I say she came into my life unexpectedly because she is not a blood relative. (Ok, so none of my family is since I was adopted, but that is another topic for another day.) I met Grandma and Grandpa K while my mom was dating my stepdad when I was nine. Grandma told me to call her “Grandma” the first day I met her, and she took me to the county fair the next day. From the first day I had met them, I was immediately brought into the family as if I had always been there. It was just their way. It didn’t matter how you came into the family, you were one of them. Grandma was someone who I could talk to, someone who loved me unconditionally and didn’t say anything even when I did things that had everyone else scratching their heads, someone who made me feel special.
Grandpa sometimes came off as grouchy and hard to get to know, but I will always be glad that I made the effort because he was one of the most interesting people I have met. He was one of the few family members I ever felt comfortable talking about politics to. I could also play jokes on him from time to time, and he was a good sport.
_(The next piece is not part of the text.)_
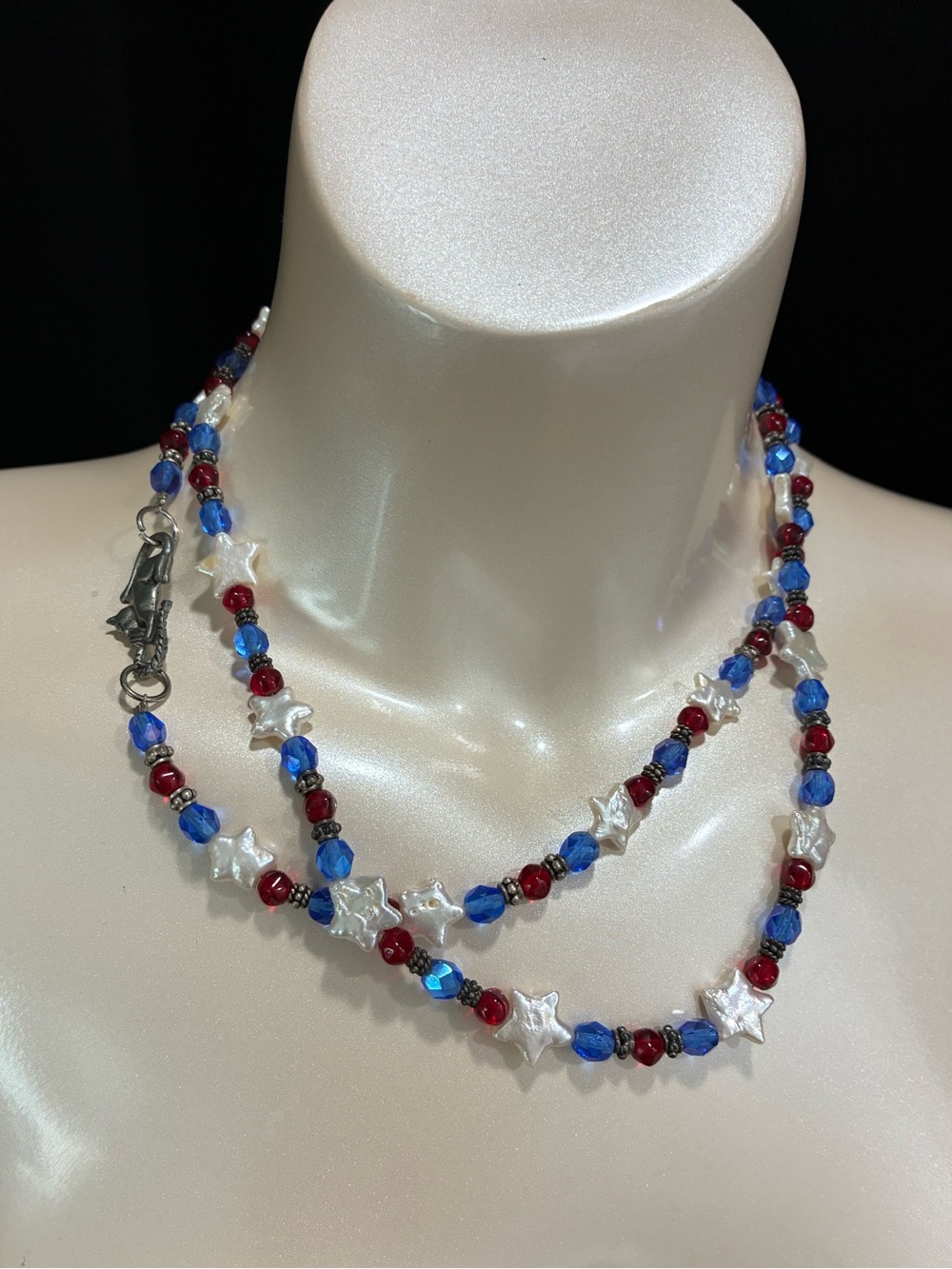 Handmade RD WH BL Austrian Crystal Beaded Star Shaped Baroque Pearl Necklace EUC - Picture 9 of 15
He also loved to talk about soap operas. He watched them every day and would talk about them as if they were real. I took my first combine ride with him which was a big deal for me. He passed away almost five years ago, and I still miss him.
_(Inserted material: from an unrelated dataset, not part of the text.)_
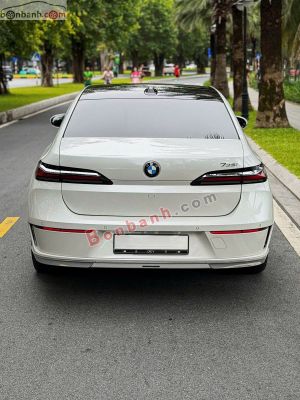Xe BMW 7 Series 735i Pure Excellence 2023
I think deep down there was a part of me that secretly thought that they would live forever. When Grandpa died, it was hard to accept that he would no longer be there. My son remembers him vaguely. He mostly remembers stories about how Grandpa let him play with his cane which was quite uncharacteristic of Grandpa. I remember how hard it was for me to come home for the holidays that year. It just did not feel right, but life went on, and we all adjusted.
In the years that followed, I realized that eventually my Grandma would not be around forever. During the last year of her life, I made a special effort to have my children visit their grandparents for extended visits so they could spend time with my parents, and both of my grandmas. Grandma K would tell me how happy it made her to be able to see the kids. It made me happy that my kids could spend time with her.
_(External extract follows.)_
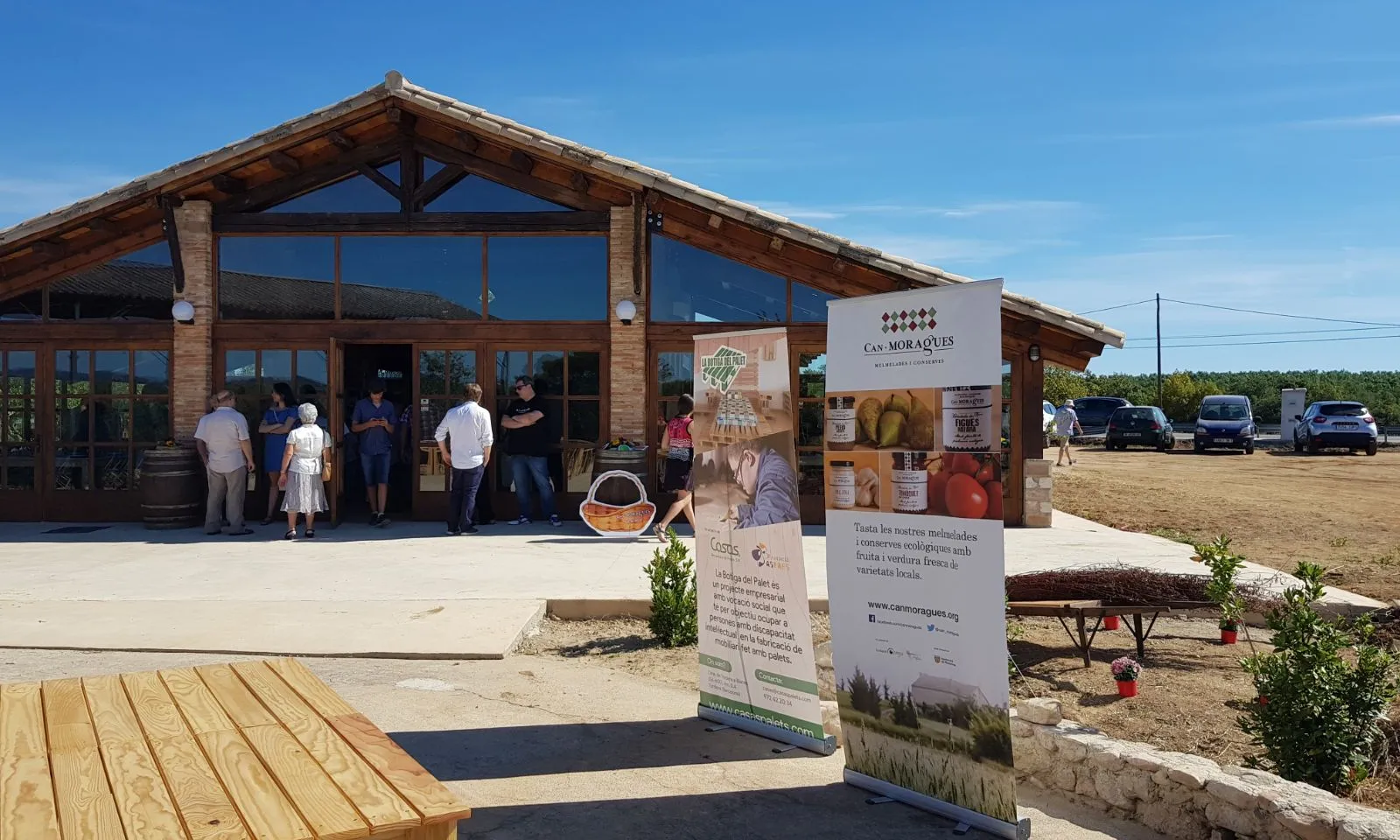 Can Moragues és un dels projectes de la fundació, un model d'economia verda que té com a objectiu dinamitzar els productes ecològics de productors del territori.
The last time I spoke to her was about a week before she died. Somehow, I think she knew just from the conversation we had that day. The days that followed her death were a blur. My daughter did not quite understand what was going on, and my son was sad. I did not know how to make it better as I was sad myself. With her death came so many changes. Our family traditions immediately changed. It is still a little hard to accept at times. I was at home for Easter, and it just did not feel like a holiday because it was the first holiday at home that did not include a trip to Grandma’s to spend the holiday with her and the family.
Since then, the kids have been talking about her a lot, especially my son. I still do not know what to say to him. I still cry sometimes when I talk about her. When he cries, I wish I could make the hurt go away. I can’t. What I can do is hug him and let him cry.
As I get older, I realize that we need to love our friends and family every day. I still have one grandma who is alive, and I want to make more of an effort to call and let her know how much I love her. Family is important to me. They are not perfect. Neither am I. We have all said and done things to each other that have hurt, but I love them just the same. While I am still grieving the loss of a Grandma so dear, I am thankful for her and her big heart. She is someone I want to be like. I just hope that when I am a grandmother, I can do half as good of a job as she did.